*TRY IT*: Every line of the entries below that includes "Basic" belongs in the answer, copied as written.

*RECORDED DATA*:
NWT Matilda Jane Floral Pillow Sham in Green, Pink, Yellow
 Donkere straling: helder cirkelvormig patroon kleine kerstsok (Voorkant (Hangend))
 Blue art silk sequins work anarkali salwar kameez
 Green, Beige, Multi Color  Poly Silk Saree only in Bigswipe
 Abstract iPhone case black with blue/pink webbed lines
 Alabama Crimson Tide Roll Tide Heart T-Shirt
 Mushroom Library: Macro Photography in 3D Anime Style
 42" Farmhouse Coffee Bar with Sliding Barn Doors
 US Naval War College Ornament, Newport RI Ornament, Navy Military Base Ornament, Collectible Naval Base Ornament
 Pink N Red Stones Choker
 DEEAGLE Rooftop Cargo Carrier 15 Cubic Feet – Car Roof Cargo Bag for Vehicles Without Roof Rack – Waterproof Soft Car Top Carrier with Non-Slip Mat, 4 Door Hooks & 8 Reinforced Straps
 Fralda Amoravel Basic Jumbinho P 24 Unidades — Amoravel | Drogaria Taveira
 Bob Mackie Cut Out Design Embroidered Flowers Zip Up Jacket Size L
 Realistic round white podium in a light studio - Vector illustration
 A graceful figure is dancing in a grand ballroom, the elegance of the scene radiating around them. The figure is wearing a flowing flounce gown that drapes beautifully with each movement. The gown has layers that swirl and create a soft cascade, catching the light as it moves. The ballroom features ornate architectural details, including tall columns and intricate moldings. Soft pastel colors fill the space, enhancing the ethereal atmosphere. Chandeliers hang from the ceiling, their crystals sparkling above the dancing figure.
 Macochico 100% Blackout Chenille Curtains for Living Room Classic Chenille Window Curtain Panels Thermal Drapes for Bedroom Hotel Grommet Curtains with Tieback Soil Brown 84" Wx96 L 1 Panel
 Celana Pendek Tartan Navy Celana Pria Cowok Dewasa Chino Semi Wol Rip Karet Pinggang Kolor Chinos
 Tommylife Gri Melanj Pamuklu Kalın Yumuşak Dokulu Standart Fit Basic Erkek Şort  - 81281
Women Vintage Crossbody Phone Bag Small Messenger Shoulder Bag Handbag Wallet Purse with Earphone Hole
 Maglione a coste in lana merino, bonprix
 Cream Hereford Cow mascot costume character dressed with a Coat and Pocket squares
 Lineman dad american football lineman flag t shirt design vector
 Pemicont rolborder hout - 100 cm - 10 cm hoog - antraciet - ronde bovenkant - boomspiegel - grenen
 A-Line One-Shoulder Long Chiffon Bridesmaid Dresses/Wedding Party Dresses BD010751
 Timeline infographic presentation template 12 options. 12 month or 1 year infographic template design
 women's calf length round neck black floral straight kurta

*RESULT FOR THIS TASK*:
 Fralda Amoravel Basic Jumbinho P 24 Unidades — Amoravel | Drogaria Taveira
 Tommylife Gri Melanj Pamuklu Kalın Yumuşak Dokulu Standart Fit Basic Erkek Şort  - 81281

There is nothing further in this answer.